Coming up with the list of measurements that need to be made for QA purposes is one of the big planning efforts that hasn’t yet been done; I think it’s probably something the Science Pipelines Working Group needs to get done this cycle. We could certainly consider running the galaxy fitting code (and hence extendedness) on single visits for QA reasons, though the classification there still won’t be as good as it will be for Objects - so if you want the extendedness to enable other tests on the exposure quality, rather than as a direct test, you may get better results by matching to an Object table from a previous data release.

FWIW, I think we will almost certainly be running some sort of measurement on the single epoch frames in Level 1. This comes from my expectation that we need to do astrometric fitting and (most likely) photometric calibration. Right now, those sources aren’t persisted at all. We could keep those measurements around for other purposes, but it would be an increase in scope over what we are planning now.

@jbosch right, if extendedness depends on galaxy model fitting and this is not planned to be done on individual Sources we should consider a simpler star/galaxy classifier for QA (high s/n sources). Perhaps the Source size? from the adaptive moments size=sqrt(mSum) I see that adaptive moments are measured for Sources and stored in the database.

I think the plan (LDM-135) is to have QA tables in the Level 2 database (@ktl recently confirmed that) and I am trying to write queries to select the samples to compute single visit requirements ( they are defined in words in LPM-17 and could be implemented as views in the production database.

Any concentration index measured for Sources?

If you want a secure sample of moderately bright stars in order to analyze the PSF, there are a few flags you can use:

  • calib_psfUsed: set for stars that were actually used when building the PSF model.
  • calib_psfCandidate: set for stars that were selected for use in building the PSF model, but may not have been due to outlier rejection or reservation.
  • calib_psfReserved: set for stars that were selected for use in building the PSF model, but were intentionally not used to build it, allowing us to use these stars to test the PSF model for overfitting/underfitting.

If you want a more complete sample of stars or a more pure sample of galaxies, I would recommend computing a “shape trace difference” from the SdssShape moments:

trDiff = ((base_SdssShape_xx + base_SdssShape_yy) - (base_SdssShape_psf_xx + base_SdssShape_psf_yy)/2

That should be something like the square of the PSF-deconvolved radius; it should be close to zero for point sources and positive for extended sources (significantly negative probably indicates something like a missed cosmic ray; slightly negative is just noise on a point source).

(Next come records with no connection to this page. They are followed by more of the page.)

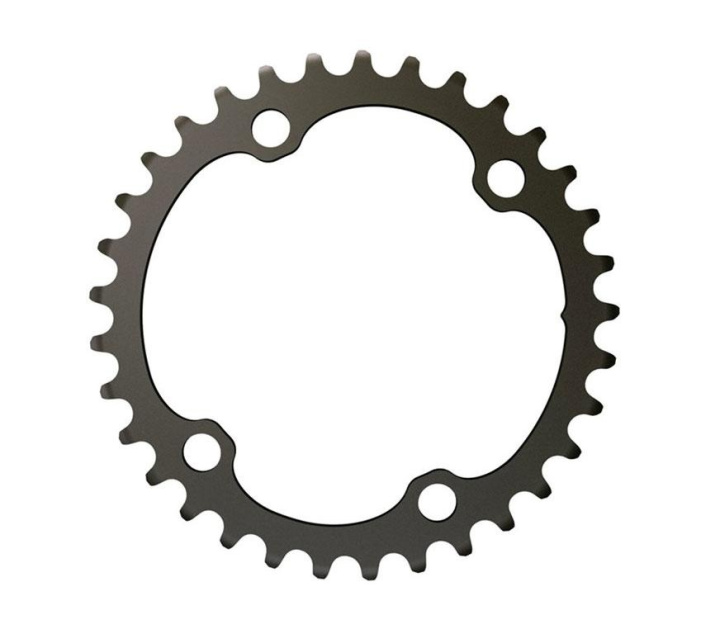 SRAM Force 33t 107mm 2x12 Klinga i gruppen Komponenter / Grupper / SRAM-grupper / Force eTap AXS hos CykelCity (41170)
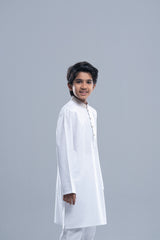 Boys' Panjabi (8-15 Years)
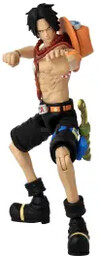 Bandai Anime Heroes One Piece - Portgas D.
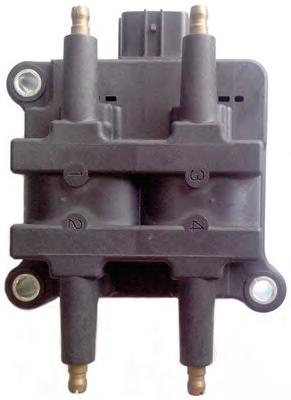 Катушка зажигания MAGNETI MARELLI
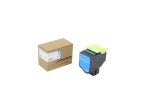 Utángyártott XEROX C310,C315 toner Cyan 5500 oldal kapacitás CHEMICAL* Utángyártott XEROX C310,C315 toner Cyan 5500 oldal kapacitás CHEMICAL*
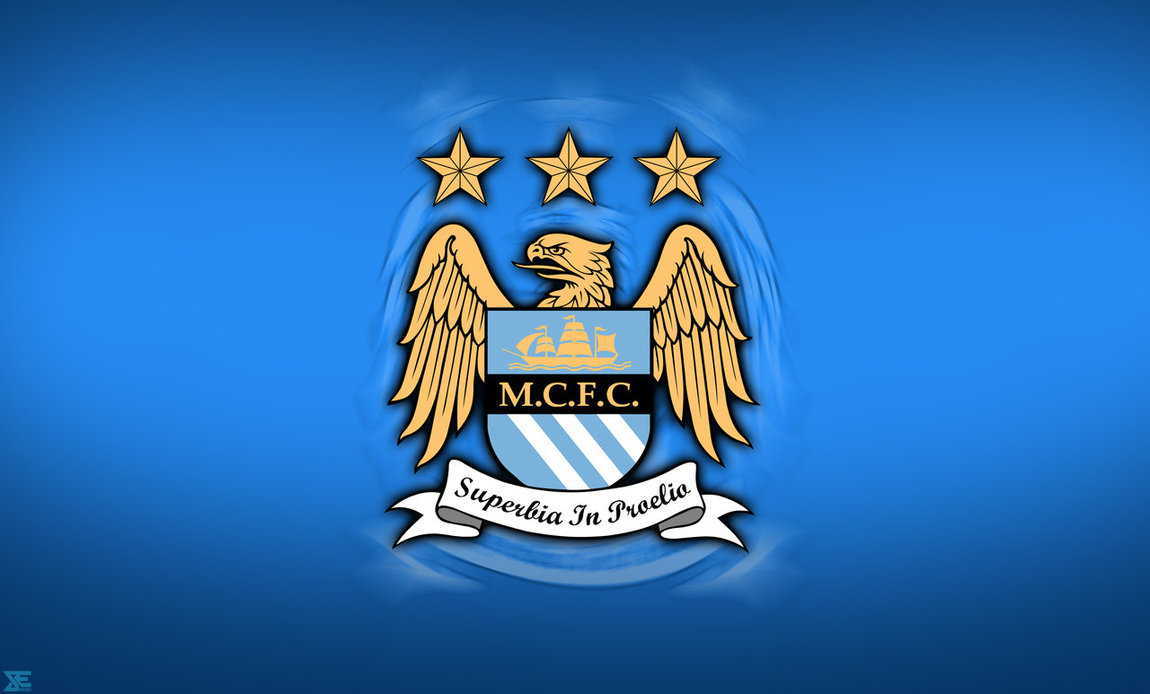 HQ Manchester City F.C. Wallpapers | File 106.75Kb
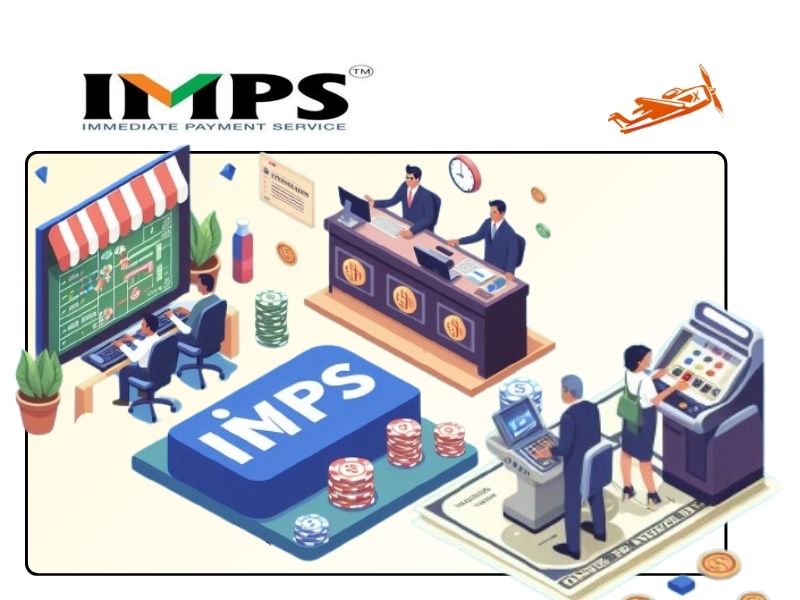 How to Start Using IMPS?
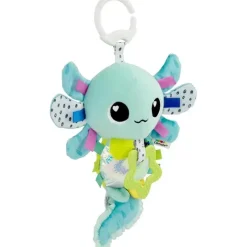Tomy Lamaze - Alise, o Axolotl Clip & Go Outlet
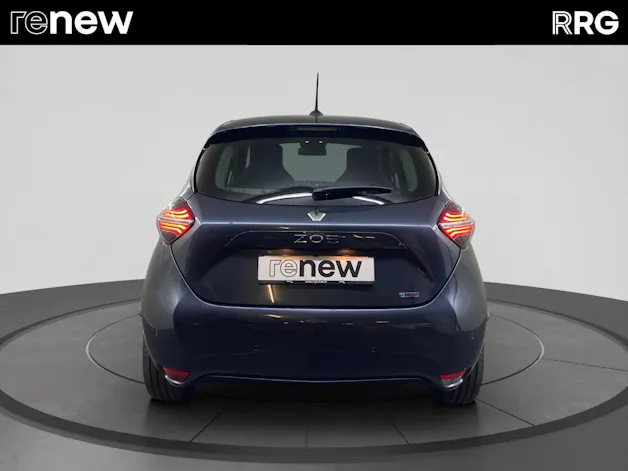 RENAULT Zoe Intens R135 (incl. Batterie)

To really make sense of it, you’d want to plot it against magnitude; you should see the stars quite clearly at the bright end (and hence what cuts you should make), and if the image is deep enough you’ll see where our ability to distinguish stars from galaxies basically fails.

What do you have in mind for concentration?

Hi @jbosch thanks for the suggestions, that helped a lot, I will try the shape trace difference and also would use pixel flags to reject bad sources. For concentration since we don’t fit galaxy models at this point I had in mind something more robust like a ratio of the 3/4 light radius to 1/4 light radius.

We don’t attempt to measure those radii directly (I think that’s actually very difficult to do without assuming a profile, as you never know how far to go out in radius), but we do measure a set of aperture fluxes at a sequence of fixed radii, and I think you could use those to compute some sort of concentration if you include some other measure of the size.

@jbosch I will try different approaches for S/G classification in single visit processing. @ktl, @mjuric correct me if I am wrong but my impression is that the Sources table should also be designed to enable the calculation of the single visit requirements as specified in LPM-17. I imagine a process, like in DES, where visits that did no pass the requirements are flagged and excluded from co-addition - is that described somewhere?

The verification plans for the requirements in the SRD (and LSR and OSS and DMSR) are not yet finalized. While I think that many will rely on simulated data, I would assume that the same computations would continue to operate on real data when available, and that any results or key intermediates from those computations would be persisted.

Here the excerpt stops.